Army Reserve Pfc. Lynndie England, the clerk at the center of Iraq's Abu Ghraib prison scandal, is expected to plead guilty Monday of abusing Iraqi detainees. England, who was photographed holding a hooded prisoner on a leash, agreed late last week to a plea deal in which she will admit in a Fort Hood, Texas, military court to seven of nine counts in exchange for reducing her maximum sentence from 16 to 11 years. The compromise must still be accepted by a military judge. A panel of soldiers will determine her punishment for conspiracy, maltreating prisoners, and dereliction of duty.

Credible terror threats within the US have dropped on average 25 to 50 percent over the past two years, The Washington Post reported, citing intelligence officials as well as federal and state law-enforcement authorities. Experts believe Al Qaeda and other terrorist groups are focusing their efforts on attacking Americans in Iraq and Europe, believing that they can more easily avoid detection there.

Tougher regulation on diesel truck emissions went into effect over the weekend in California after a state court ruled that they are constitutional. The rules, which apply to 58,000 in-state trucks and as many as 400,000 out-of-state vehicles, call for removing smog-defeat devices that allow trucks to meet pollution-control requirements when inspected but not when traveling at highway speeds.

Participants in the controversial Minuteman Project ended their month-long watch along Arizona's border with Mexico over the weekend. The citizen volunteers claimed their calls helped the Border Patrol arrest 335 illegal immigrants. Critics, including Border Patrol officials, have cast the group as a nuisance.

US Rep. Tom Osborne (R) of Nebraska, the former University of Nebraska f ootball coach who never has received less than 82 percent of the vote in being elected to three terms, said he plans to seek the GOP nomination for governor next year.

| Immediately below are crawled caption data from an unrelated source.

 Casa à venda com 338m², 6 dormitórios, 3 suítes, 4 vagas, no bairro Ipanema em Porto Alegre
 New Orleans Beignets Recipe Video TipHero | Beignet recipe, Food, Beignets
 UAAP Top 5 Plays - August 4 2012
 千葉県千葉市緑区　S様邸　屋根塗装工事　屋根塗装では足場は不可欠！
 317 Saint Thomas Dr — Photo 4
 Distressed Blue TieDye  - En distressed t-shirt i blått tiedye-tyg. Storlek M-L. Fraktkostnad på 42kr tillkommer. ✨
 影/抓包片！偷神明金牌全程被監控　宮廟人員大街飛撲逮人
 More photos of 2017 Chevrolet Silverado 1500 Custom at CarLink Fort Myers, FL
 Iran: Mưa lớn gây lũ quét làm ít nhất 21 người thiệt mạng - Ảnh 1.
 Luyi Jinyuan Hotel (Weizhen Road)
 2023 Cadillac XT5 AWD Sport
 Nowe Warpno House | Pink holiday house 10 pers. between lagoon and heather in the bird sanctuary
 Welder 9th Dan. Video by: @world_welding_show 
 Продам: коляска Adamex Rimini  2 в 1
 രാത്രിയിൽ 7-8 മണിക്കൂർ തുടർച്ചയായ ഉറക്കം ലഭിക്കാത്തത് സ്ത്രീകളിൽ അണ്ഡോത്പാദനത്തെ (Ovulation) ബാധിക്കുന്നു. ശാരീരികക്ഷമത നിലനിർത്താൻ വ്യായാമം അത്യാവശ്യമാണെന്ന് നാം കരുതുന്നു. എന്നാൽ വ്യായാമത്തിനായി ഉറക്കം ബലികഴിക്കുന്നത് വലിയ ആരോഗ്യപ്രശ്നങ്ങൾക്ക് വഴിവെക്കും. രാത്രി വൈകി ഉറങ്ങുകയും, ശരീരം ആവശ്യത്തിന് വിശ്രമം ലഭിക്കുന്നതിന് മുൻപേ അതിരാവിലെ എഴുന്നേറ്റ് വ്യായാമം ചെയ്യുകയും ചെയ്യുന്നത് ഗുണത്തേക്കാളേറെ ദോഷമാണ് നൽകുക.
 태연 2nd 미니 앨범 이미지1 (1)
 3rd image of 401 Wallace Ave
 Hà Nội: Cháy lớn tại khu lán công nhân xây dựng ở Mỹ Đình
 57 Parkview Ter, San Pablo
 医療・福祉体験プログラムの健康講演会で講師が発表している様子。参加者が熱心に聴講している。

Bride-to-be Jennifer Wilbanks, who grew anxious about her impending wedding in Duluth, Ga., last week and was missing for four days, was found Friday by police in Albuquerque, N.M., and flown home Saturday. On her bus trip, she called her fiancé and police, claiming she'd been kidnapped, only to admit later that she fabricated the story. Police said there would be no criminal charges, despite a massive search. Wilbanks said the wedding is "postponed."